Twitter's First Amendment lawsuit against the government for limitations on National Security Letter reporting will be allowed to continue. This is good news for Twitter -- and the general public -- although it's somewhat disheartening to see things have only moved this far in the three years since the lawsuit was filed.
Reporting on NSLs is limited to "bands." A social media service receiving three NSLs has to report it as "0-499." The same goes for a service that receives 300 NSLs over the same period. Twitter is fighting to have these "bands" removed, in order to more accurately report the number of NSLs it receives.
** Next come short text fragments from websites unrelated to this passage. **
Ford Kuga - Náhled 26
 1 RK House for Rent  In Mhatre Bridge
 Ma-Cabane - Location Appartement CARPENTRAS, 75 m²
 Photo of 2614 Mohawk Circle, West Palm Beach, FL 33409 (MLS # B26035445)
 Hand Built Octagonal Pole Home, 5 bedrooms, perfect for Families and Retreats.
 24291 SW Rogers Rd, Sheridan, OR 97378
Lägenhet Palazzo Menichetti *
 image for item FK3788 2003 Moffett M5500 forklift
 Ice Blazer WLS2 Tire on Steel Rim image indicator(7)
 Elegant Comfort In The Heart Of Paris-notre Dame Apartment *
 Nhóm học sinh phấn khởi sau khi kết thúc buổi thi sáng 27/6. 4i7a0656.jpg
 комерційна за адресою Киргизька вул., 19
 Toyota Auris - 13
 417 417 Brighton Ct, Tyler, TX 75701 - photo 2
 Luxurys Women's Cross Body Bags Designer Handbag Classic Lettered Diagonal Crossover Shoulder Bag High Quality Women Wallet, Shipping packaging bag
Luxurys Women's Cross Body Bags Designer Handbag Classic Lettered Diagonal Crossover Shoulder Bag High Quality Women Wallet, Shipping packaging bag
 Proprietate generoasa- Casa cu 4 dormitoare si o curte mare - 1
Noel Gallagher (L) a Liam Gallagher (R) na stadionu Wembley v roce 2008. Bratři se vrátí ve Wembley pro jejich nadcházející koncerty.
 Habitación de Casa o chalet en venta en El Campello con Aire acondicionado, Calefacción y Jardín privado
So far, the government's arguments for leaving the bands in place have been as vague as the information tech companies are allowed to release. It asserts -- without evidence -- that reporting the actual number of NSLs (or FISA orders) will harm national security. The fact that NSLs are accompanied by indefinite gag orders grants the government an insane amount of opacity relative to the level of oversight these NSLs receive. NSLs are administrative documents the FBI (and other agencies) can issue themselves, which receive no impartial scrutiny from judges or anyone outside the issuing agency.
The government's attempt to dismiss this lawsuit has failed, so Twitter will be allowed to move forward with its First Amendment lawsuit. The opening of the opinion [PDF] makes it clear the DOJ going to need to come up with a better argument if it hopes to keep this banded opacity in place. (via Ars Technica)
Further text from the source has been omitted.